WORK REQUIRED: Where does the string "Shoulder" appear in the records? Copy each line that holds it.

DATA RECORDS:
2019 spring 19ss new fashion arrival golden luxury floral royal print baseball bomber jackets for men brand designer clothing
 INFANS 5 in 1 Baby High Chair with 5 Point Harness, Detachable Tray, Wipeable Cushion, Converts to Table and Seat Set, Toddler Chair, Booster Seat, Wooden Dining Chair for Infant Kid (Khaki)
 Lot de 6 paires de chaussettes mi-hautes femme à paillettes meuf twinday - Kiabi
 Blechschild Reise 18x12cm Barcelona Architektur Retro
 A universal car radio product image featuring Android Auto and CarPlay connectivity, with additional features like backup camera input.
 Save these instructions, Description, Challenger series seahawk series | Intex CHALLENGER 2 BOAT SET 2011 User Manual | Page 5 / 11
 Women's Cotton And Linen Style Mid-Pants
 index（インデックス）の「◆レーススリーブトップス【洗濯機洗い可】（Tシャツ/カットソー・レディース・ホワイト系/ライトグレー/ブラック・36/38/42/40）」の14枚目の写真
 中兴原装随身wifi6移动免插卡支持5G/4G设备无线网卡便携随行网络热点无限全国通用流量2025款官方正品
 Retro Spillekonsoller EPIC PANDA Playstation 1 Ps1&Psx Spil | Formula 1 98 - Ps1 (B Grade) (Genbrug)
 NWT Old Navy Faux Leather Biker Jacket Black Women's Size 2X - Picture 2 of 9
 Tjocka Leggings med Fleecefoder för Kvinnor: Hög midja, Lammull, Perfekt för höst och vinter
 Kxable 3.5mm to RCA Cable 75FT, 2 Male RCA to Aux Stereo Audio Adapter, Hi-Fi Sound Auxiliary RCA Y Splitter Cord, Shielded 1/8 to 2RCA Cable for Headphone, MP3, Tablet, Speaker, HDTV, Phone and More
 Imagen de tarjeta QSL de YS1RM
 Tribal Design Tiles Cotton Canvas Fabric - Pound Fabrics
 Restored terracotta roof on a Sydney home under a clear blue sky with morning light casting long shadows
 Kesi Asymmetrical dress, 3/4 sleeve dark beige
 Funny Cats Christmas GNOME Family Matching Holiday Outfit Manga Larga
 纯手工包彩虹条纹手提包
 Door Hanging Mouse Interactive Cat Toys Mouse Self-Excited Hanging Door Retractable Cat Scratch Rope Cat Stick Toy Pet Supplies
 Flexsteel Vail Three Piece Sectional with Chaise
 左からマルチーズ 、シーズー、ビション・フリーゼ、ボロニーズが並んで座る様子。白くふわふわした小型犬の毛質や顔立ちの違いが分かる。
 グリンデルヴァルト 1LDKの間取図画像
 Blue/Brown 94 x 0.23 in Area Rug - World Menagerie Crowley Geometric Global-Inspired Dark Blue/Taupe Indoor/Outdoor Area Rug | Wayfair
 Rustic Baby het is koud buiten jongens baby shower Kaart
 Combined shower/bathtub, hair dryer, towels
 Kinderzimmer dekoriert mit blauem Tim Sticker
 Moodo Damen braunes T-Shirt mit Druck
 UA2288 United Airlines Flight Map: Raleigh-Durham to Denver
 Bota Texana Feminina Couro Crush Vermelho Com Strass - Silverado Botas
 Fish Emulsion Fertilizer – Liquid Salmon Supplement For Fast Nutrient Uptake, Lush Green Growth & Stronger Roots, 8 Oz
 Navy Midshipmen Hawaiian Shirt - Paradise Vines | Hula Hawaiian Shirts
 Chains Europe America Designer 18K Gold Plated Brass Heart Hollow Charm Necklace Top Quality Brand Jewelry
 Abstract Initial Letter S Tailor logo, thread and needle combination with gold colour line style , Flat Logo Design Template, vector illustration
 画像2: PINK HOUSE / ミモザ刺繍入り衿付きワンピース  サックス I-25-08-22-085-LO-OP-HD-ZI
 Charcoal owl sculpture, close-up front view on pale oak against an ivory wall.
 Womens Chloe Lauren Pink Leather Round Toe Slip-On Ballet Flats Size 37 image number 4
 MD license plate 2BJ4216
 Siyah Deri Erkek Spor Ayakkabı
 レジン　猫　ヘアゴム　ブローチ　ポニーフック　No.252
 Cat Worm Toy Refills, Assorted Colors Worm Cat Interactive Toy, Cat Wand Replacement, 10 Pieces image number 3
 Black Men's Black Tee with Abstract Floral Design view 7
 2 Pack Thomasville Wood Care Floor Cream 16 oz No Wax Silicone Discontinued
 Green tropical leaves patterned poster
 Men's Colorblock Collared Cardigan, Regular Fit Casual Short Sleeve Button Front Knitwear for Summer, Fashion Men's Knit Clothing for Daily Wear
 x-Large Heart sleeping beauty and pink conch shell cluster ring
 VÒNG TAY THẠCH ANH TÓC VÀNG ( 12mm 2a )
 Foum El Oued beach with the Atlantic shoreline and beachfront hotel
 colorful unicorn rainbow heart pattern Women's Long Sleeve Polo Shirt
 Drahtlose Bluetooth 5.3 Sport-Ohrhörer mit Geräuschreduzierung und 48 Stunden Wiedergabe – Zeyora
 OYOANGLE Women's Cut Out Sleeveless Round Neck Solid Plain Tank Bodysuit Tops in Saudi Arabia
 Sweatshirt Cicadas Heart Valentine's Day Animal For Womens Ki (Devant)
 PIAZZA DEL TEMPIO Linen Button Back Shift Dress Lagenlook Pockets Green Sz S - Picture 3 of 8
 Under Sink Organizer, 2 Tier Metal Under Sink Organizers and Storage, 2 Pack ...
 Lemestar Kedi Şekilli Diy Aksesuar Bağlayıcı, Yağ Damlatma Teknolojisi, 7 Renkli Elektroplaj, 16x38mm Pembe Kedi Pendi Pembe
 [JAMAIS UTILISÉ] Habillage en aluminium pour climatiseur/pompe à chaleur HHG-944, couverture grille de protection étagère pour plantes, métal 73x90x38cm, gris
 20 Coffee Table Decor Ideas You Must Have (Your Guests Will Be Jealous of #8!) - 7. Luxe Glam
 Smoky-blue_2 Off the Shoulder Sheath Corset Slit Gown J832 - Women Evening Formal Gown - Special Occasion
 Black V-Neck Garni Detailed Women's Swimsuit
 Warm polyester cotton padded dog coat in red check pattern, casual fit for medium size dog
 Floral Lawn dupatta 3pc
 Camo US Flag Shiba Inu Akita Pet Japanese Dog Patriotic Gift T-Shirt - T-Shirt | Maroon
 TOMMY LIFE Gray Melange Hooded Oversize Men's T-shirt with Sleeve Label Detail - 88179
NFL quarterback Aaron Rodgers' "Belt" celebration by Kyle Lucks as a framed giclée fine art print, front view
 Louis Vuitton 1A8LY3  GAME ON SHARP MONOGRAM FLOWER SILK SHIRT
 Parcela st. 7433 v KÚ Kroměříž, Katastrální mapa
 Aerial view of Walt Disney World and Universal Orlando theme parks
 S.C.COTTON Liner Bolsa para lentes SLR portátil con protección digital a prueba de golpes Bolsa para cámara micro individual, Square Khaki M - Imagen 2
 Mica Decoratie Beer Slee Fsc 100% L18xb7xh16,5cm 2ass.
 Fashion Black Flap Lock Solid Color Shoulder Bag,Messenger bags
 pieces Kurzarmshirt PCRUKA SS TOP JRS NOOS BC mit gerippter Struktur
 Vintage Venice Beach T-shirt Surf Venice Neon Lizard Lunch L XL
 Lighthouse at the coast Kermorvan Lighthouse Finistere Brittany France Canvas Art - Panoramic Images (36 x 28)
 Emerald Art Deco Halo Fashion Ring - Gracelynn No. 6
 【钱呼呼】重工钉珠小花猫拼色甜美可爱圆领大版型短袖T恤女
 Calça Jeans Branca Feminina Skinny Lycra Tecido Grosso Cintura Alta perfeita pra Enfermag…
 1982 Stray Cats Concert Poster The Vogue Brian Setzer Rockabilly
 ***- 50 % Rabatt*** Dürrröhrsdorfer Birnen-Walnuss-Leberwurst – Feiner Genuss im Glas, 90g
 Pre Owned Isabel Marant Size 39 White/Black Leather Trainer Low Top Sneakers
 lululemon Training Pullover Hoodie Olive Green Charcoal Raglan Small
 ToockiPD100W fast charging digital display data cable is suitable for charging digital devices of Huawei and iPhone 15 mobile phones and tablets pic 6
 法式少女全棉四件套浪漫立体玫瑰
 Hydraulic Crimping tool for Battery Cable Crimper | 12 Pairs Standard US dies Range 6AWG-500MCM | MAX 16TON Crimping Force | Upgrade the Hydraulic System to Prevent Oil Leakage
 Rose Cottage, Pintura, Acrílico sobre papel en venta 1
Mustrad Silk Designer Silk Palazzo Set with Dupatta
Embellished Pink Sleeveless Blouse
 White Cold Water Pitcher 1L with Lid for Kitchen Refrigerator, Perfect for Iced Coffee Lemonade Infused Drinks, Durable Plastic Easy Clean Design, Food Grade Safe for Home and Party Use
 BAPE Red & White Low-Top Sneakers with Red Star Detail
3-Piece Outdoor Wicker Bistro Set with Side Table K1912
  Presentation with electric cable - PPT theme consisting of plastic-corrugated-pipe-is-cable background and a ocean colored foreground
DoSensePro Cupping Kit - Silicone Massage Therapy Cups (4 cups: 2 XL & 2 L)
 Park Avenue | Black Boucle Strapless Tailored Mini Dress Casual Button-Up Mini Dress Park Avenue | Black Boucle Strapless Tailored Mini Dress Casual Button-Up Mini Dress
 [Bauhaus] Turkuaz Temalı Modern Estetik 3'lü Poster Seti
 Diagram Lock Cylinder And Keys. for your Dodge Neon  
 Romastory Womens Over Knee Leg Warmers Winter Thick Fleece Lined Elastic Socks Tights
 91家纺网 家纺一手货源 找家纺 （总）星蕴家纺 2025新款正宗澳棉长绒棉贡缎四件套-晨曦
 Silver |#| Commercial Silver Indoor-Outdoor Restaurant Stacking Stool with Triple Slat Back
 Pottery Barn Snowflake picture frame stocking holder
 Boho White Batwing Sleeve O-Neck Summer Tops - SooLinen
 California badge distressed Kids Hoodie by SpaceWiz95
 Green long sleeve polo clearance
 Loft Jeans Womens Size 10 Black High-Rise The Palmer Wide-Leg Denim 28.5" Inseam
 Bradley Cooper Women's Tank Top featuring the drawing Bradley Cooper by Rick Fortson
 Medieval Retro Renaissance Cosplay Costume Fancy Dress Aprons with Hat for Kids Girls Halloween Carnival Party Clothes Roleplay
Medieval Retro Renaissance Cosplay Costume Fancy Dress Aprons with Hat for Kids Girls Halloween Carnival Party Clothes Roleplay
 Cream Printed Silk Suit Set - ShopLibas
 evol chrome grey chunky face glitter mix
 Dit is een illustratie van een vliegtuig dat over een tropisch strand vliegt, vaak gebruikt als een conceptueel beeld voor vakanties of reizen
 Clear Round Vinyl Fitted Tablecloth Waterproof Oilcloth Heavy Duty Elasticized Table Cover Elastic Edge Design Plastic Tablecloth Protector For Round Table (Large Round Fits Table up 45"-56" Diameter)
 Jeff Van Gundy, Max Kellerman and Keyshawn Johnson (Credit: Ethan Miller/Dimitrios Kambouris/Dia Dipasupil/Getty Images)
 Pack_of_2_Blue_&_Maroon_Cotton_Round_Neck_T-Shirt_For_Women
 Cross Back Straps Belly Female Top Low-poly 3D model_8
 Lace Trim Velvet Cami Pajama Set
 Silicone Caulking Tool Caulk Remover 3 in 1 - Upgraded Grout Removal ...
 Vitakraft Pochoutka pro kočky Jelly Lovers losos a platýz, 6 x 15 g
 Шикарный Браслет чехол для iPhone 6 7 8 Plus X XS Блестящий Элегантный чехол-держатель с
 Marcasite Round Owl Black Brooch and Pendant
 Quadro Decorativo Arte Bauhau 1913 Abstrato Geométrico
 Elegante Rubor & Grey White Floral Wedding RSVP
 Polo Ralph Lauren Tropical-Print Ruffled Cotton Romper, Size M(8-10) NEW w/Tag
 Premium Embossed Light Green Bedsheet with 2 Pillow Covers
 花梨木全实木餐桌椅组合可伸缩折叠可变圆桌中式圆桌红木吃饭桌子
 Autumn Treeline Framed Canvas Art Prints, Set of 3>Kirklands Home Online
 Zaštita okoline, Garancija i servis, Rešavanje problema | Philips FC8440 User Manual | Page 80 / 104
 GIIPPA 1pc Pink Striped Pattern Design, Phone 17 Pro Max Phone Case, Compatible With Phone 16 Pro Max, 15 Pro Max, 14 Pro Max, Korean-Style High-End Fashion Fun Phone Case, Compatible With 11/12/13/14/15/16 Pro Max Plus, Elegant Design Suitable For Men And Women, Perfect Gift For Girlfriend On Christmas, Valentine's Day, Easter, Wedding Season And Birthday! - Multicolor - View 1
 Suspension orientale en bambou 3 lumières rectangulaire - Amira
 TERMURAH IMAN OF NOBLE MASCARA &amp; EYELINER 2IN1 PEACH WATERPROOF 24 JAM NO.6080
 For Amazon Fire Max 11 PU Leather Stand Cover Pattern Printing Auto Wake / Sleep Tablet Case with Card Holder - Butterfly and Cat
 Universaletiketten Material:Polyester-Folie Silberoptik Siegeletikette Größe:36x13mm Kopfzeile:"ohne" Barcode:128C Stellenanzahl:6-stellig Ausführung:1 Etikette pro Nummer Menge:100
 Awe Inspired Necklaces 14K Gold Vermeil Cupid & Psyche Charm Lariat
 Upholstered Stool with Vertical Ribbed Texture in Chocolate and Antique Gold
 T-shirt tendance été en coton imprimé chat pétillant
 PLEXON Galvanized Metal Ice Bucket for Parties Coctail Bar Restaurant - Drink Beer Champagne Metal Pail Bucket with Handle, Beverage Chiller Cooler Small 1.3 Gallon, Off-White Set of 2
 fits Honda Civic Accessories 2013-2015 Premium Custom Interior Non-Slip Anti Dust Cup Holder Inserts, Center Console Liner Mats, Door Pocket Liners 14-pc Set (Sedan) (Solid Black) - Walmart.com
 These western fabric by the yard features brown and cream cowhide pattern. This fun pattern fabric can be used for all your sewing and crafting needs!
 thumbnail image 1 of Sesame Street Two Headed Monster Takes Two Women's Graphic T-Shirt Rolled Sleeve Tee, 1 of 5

SOLUTION FOR THIS TASK:
 Smoky-blue_2 Off the Shoulder Sheath Corset Slit Gown J832 - Women Evening Formal Gown - Special Occasion
 Fashion Black Flap Lock Solid Color Shoulder Bag,Messenger bags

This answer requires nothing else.